> **Material provided**
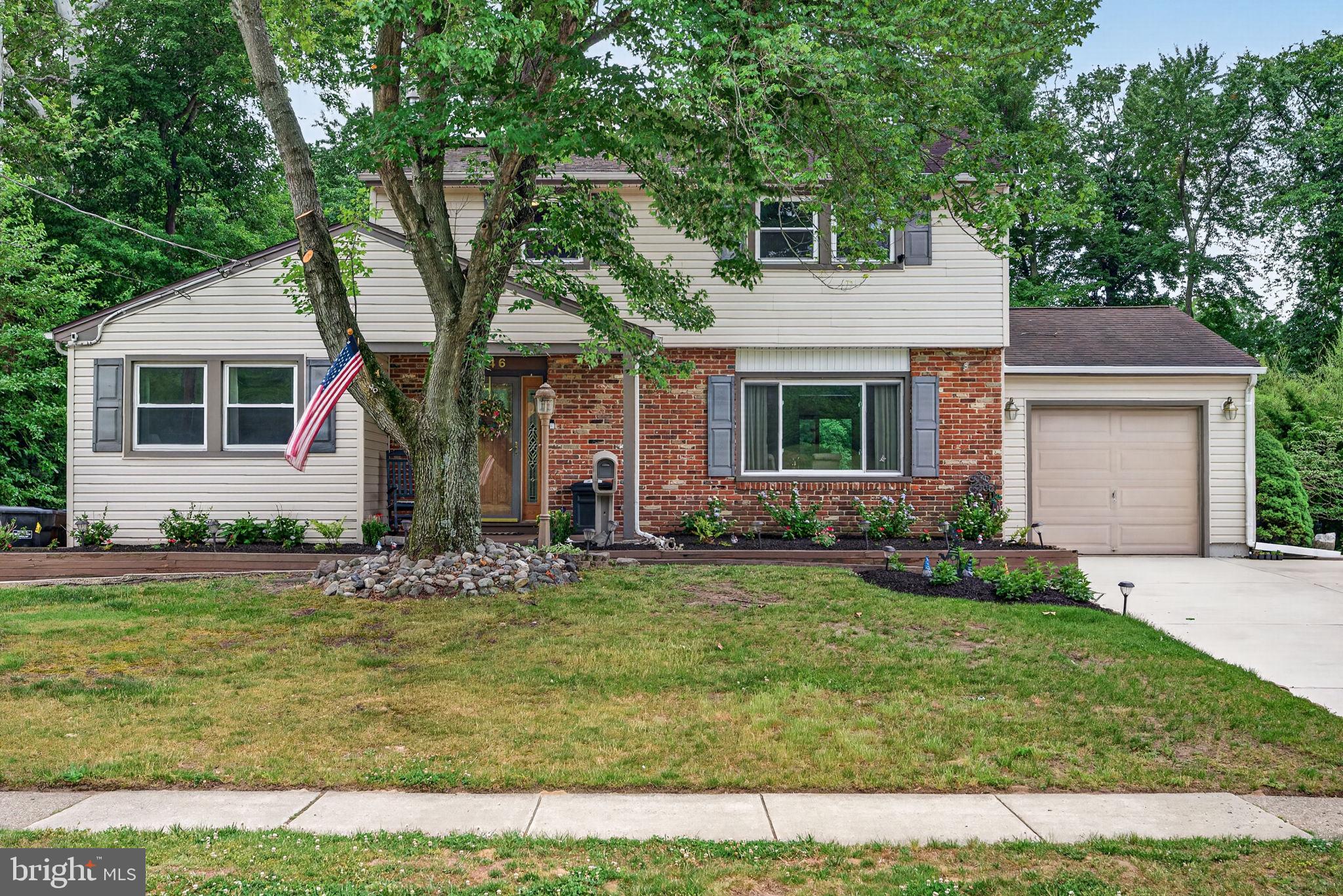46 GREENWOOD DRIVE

---

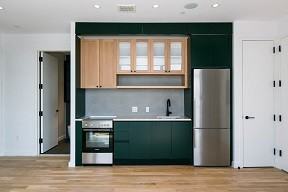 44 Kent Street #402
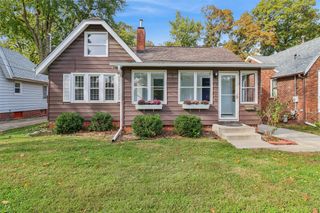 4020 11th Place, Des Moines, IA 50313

* * *

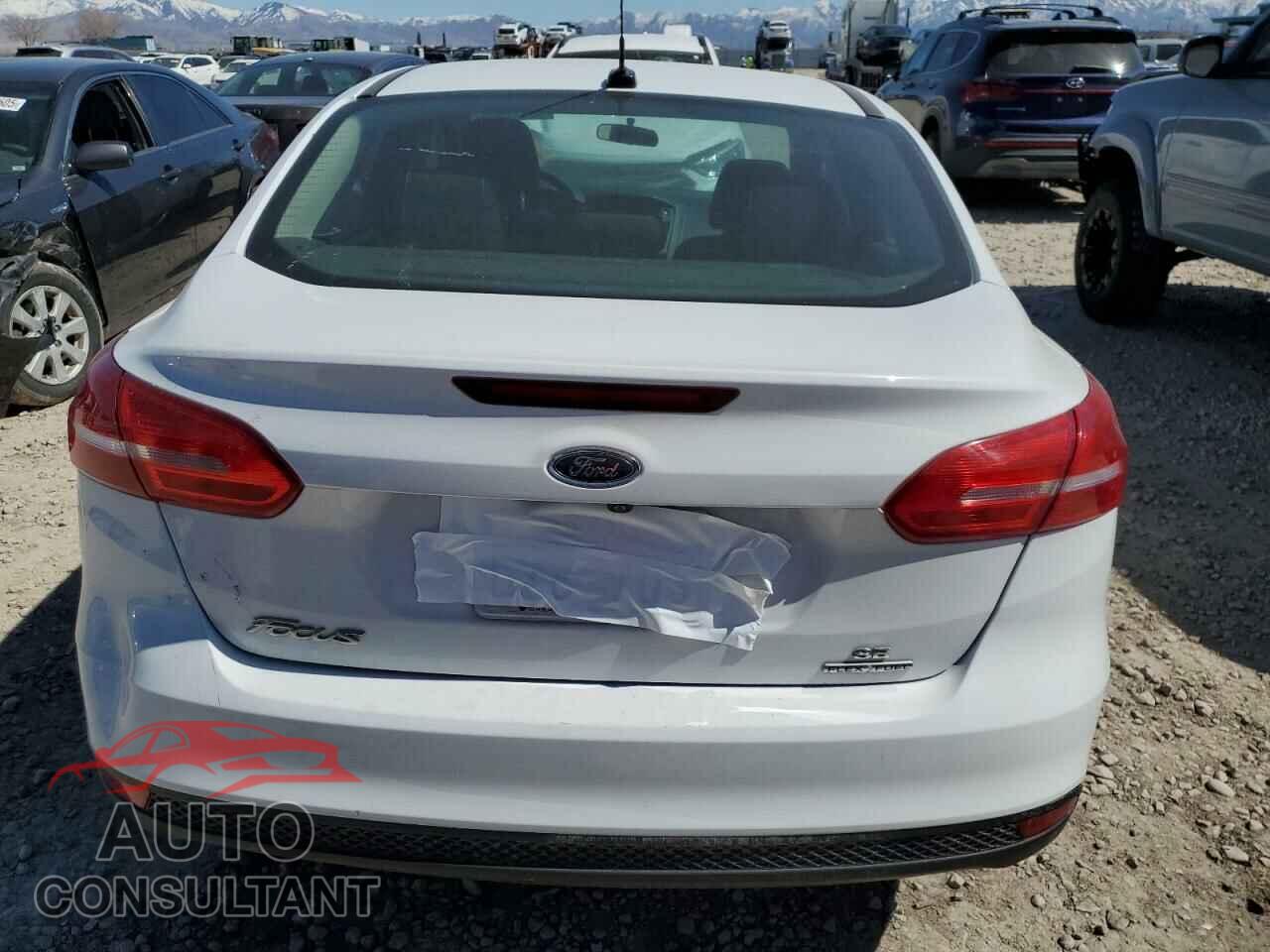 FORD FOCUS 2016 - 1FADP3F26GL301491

> **What you are asked to do**
Within the listing above, write out the stretch from the line with "44 Kent Street #402" through the line with "4020 11th Place, Des Moines, IA 50313" exactly. Any pictures are to be left out.

> **Reply**
 44 Kent Street #402
 4020 11th Place, Des Moines, IA 50313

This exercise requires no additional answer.